Oswaldo Payá luchó tanto contra la desidia como contra el miedo. Tuvo éxitos y fracasos, pero logró lo que ningún otro opositor ha podido: llevar al régimen a efectuar una gran movilización de recursos por la sencilla razón de que unos pocos miles de ciudadanos vencieron el miedo y se sobrepusieron a la inercia y firmaron por un cambio.
El fracaso, suyo y de Cuba, es que ese gesto no ha podido repetirse hasta ahora.
Tras su muerte, en parte de la oposición, disidencia y exilio ha ido creciendo un sentimiento que es cada vez más opuesto a sus ideas.
Uno es aferrarse a una acusación de asesinato político que hasta el momento no tiene muchos puntos en que sustentarse. Pero que de continuar repitiéndose con tal falta de fundamento termina por otorgarle a la seguridad cubana, y en general los cuerpos represivos dentro de la isla, una eficacia extraordinaria.
No hay que sobrevalorar esa eficacia, que por supuesto existe y es propia de cualquier estado totalitario, como un poder casi divino. Es precisamente lo que le ocurre al elector frente a la boleta, que no se atreve a anular porque teme no al policía sino al dios represor, que de alguna manera mira lo que hace.
No hay una cámara colocada en cada sitio de votación, pero sí hay el temor a la cámara en la mayoría de las mentes cubanas.
Eso sí lo ha logrado la seguridad cubana, con el auxilio no solo de agentes, sino de novelas, películas y series de televisión.
Así que de pronto estamos construyendo el asesinato perfecto, en que mueren dos opositores y quedan vivos dos extranjeros, pero lo suficientemente comprometidos como para no servir de testigos.
La conclusión es que cada vez va a resultar más difícil que un político europeo se arriesgue al viaje no oficial a La Habana y que el opositor lo piense dos veces antes de salir a la calle.
Ya de entrada se puede asegurar que esta es una ganancia neta que ha obtenido el Gobierno cubano con relación a lo ocurrido, con independencia de su participación o no en el hecho específico.
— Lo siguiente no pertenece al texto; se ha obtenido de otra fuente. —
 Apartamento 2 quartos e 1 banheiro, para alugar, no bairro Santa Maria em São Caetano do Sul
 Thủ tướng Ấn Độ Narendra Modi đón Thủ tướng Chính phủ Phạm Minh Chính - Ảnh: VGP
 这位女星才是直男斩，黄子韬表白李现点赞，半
Lo lamentable de ello es que la oposición y el exilio han contribuido a ello, de forma consciente o inconsciente.
Otro es magnificar la figura de Payá, al punto de exagerar su papel. Es por ello que resulta tan conveniente un análisis noticioso como el que hace Juan Tamayo en la edición del lunes de El Nuevo Herald.
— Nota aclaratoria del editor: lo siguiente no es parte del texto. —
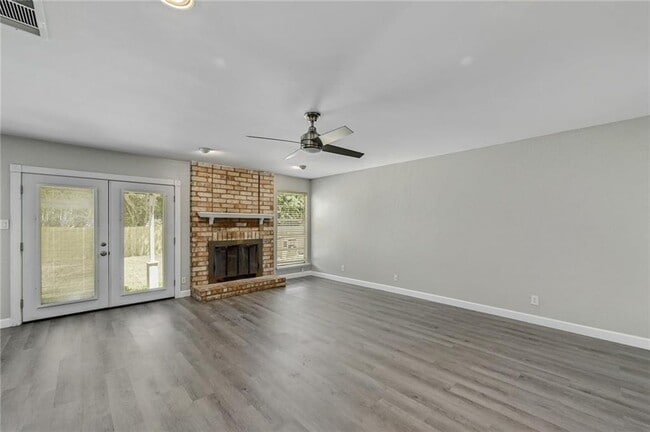 Photo - 906 Cactus Dr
La muerte de Payá no es el agotamiento de la vía pacífica y el intercambio.
Quienes ahora, de forma oportunista, apelan a la legitimidad del conflicto armado no están haciendo otra cosa que apelar a esa misma desidia e inercia que el votante que no anula la boleta porque está convencido que la elección está manipulada hasta en sus más mínimos detalles.
Una cosa es la posibilidad de un estallido social en Cuba, algo que puede ocurrir en cualquier momento. En este caso la culpa sería de la propia testarudez del régimen.
Sin embargo, ponerse a tocar tambores de guerra desde Miami no solo es irresponsable, sino también inmoral.